BNM Lowers OPR By 25bps; NEUTRAL

  • NEUTRAL, Top Picks: Malayan Banking, Hong Leong Bank and CIMB. Yesterday, Bank Negara Malaysia (BNM) lowered the overnight policy rate (OPR) by 25bps to 2.75% (vs RHB Economics’ expectation of an unchanged OPR in 2025). This decision is not expected to impact the banks materially, as the statutory reserve requirement (SRR) was pared down to 1% (from 2%) in May, and there is potential for banks to realise trading profits. While RHB Economics sees BNM holding the OPR steady into 2026, we do not see the cut as the start of an easing cycle – given the lack of fresh catalysts.
  • BNM cuts OPR to 2.75%. The Monetary Policy Committee has cut the OPR to 2.75% from 3.0% as a pre-emptive move, as it sees the balance of risks to growth tilted towards the downside from slower global trade, weaker sentiment and lower-than-expected commodity production. RHB Economics expects BNM’s future OPR decisions to be data-dependent, but thinks the OPR could remain at 2.75% for the rest of the year – provided GDP growth is within the range of 4-5%. The central bank plans to release its revised GDP forecast for 2025 by end-July, and its governor Dato’ Seri Abdul Rasheed Ghaffour has stated that he does not expect a major revision to the figures.
  • Impact from 25bps cut per se is not too significant … We believe that the banks’ earnings sensitivity to a 25bps rate cut is manageable (Figure 1), with sector PATMI affected by about 1% to -2% on a full-year basis. By our calculations, BIMB’s earnings are most sensitive to policy rate changes, due to a high proportion of floating-rate loans and a relatively large CASA mix. Broadly, we find that the earnings of smaller banks are more sensitive to rates, vs the big banks – due to a less diversified income mix (greater reliance on NII) and higher operating leverage.
  • … further mitigated by SRR cut and trading profits. In mitigation, BNM’s move to release additional liquidity into the system via May’s reduction in the SRR to 1% from 2% should help to offset the bulk of the impact from the OPR cut. By our estimates, sector PATMI could rise by c.1.3% from the 1ppt decline in SRR (assuming 3-month KLIBOR returns). Meanwhile, some banks had mentioned earlier that their fixed income books were sitting on healthy unrealised profits on the back of favourable bond yield movements. We think banks could take the opportunity to realise some of these profits to further help cushion the impact of the OPR cut.

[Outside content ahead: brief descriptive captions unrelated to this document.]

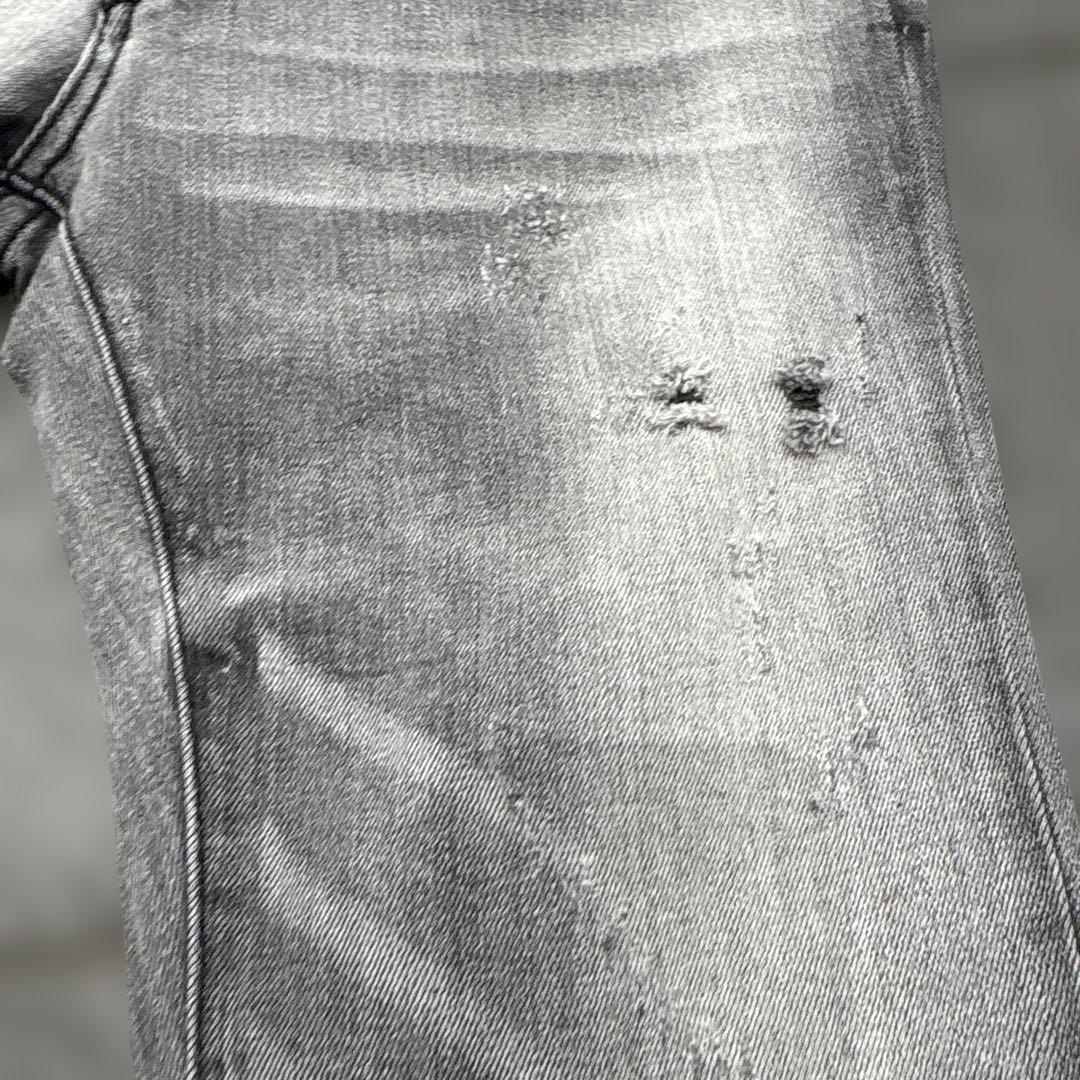 mnmlダメージスキニーデニム 29 スリムフィット グレー　希少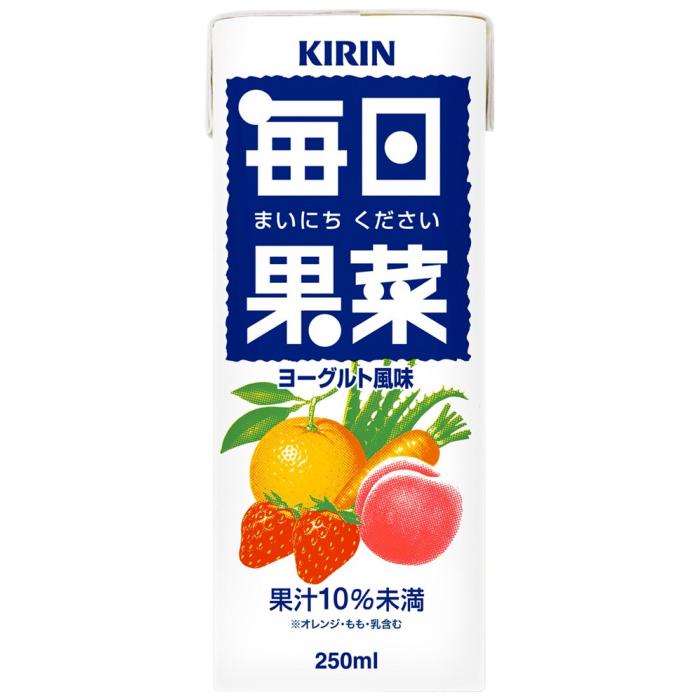 キリン（KIRIN） 毎日果菜 250mlスリム紙パック 24本入 野菜ジュース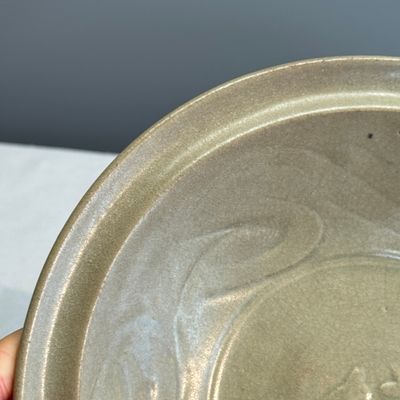 Two Chinese qingbai plates and a Longquan celadon plate — photo 5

  • We maintain our forecasts pending the 2Q25 reporting season, and as the impact of the OPR cut should be broadly cushioned by the SRR reduction. In our view, the sector’s lacklustre performance in recent months was due to: i) Concerns and uncertainties over the impact of the US tariff policy, which fuelled expectations that BNM would need to cut the OPR to support growth, ii) a soft 1Q25 reporting quarter, and iii) decelerating loan growth. Yesterday’s OPR move could help clear part of the overhang. We do expect better total returns from the sector in 3Q25, chiefly due to dividends. Beyond that, however, the sector lacks fresh catalysts so further upside could be capped.